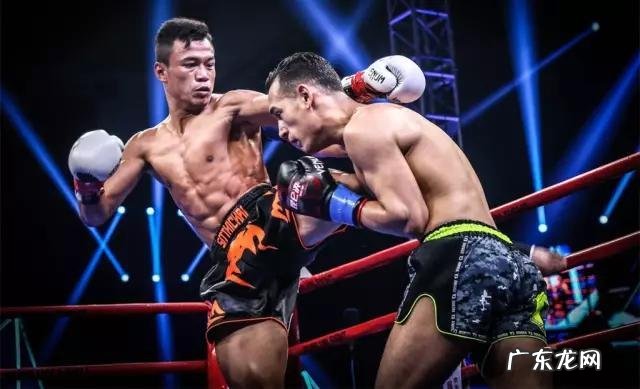 有人说“播求能把一龙打死”，你怎么看呢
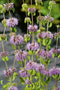 Mentha aquatica P9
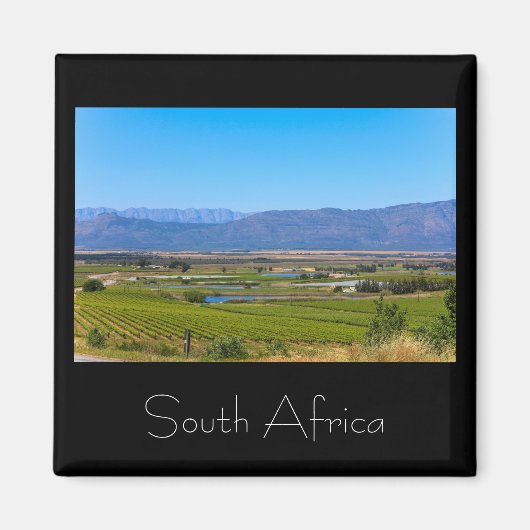 Vineyard Landscape South Africa SA Magnet マグネット (正面)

Work item: Could you output the lines above exactly, with no pictures included?

Solution to the problem:
 有人说“播求能把一龙打死”，你怎么看呢
 Mentha aquatica P9
 Vineyard Landscape South Africa SA Magnet マグネット (正面)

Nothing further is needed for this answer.